Esteban Varas

Personal information
- Full name: Esteban Lorenzo Varas Rocco
- Place of birth: Chile
- Position: Forward

Youth career
- Universidad Católica

Senior career*
- Years: Team / Apps / (Gls)
- 1964–1969: Universidad Católica / 89 / (14)
- 1966: → Deportes Concepción (loan)
- 1970: Deportes Concepción / 31 / (2)
- 1971: Ñublense
- 1972: Antofagasta Portuario / 25 / (7)
- 1973: Bolívar
- 1975–1977: Regional Antofagasta / 24 / (0)

= Esteban Varas =

Chilean footballer

Esteban Lorenzo Varas Rocco is a Chilean former footballer who played as a forward.

==Career==
Varas spent six seasons with Universidad Católica at the top division from 1964 to 1969, winning the league title in 1966. In 1966, he had a brief stint with Deportes Concepción, alongside teammates such as Hugo Cicamois, Adán Godoy and Luis Hernán Carvallo.

The next three seasons, he played for Deportes Concepción (1970), Ñublense (1971) and Antofagasta Portuario (1972).
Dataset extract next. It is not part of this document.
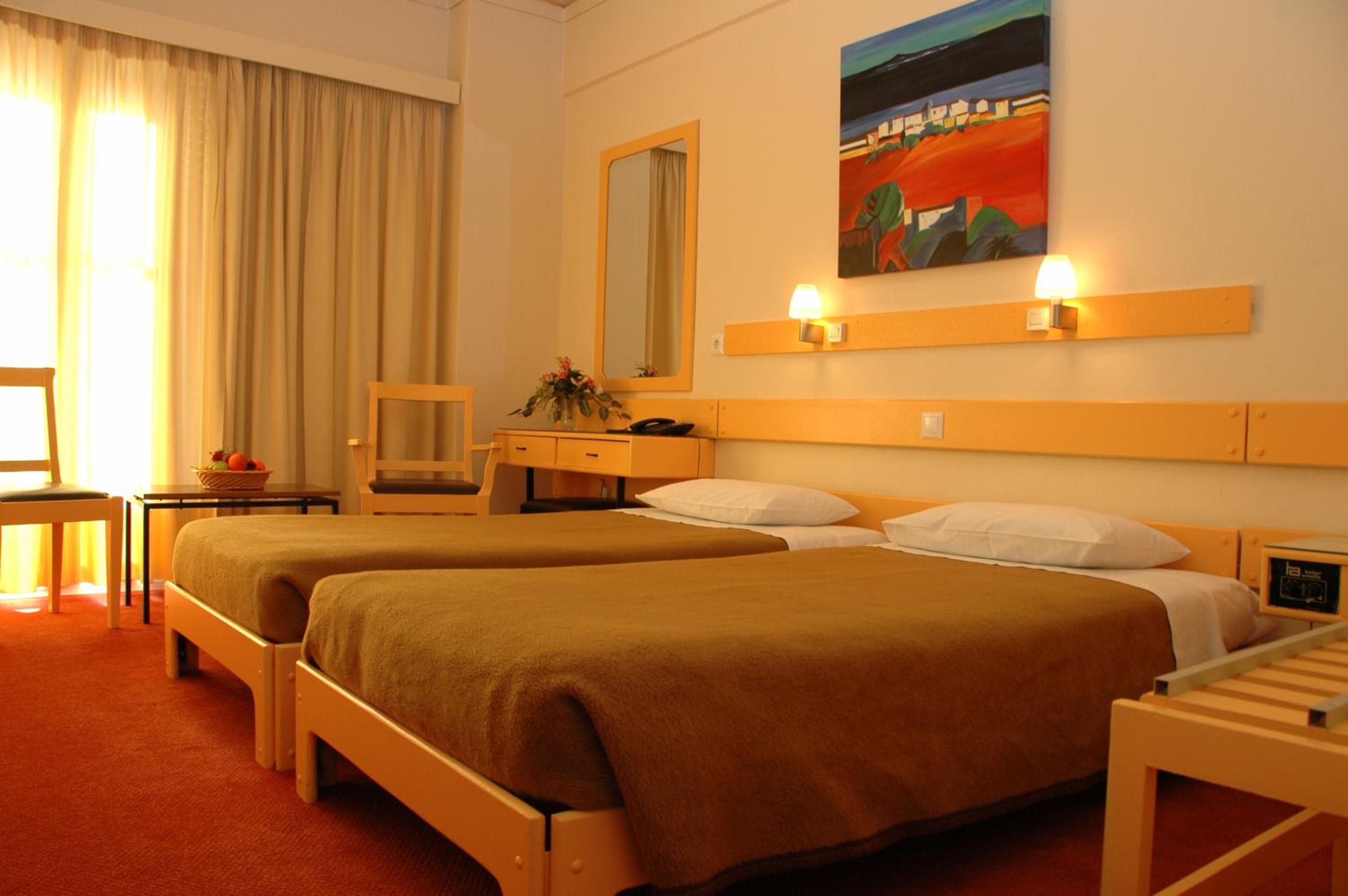 غرفة بسريرين منفصلين، AMALIA HOTEL 3/10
In 1973, he moved abroad and played for Bolívar alongside his compatriot Carlos Pacheco, becoming the first Chilean in the club history and one of the first Chileans in the Bolivian football before players such as Hugo Bravo, Juan Abel Ganga, Carlos Cordero, among others.

Back in Chile, he played for Regional Antofagasta until 1977.

==Personal life==
Varas made his home in Miami, Florida.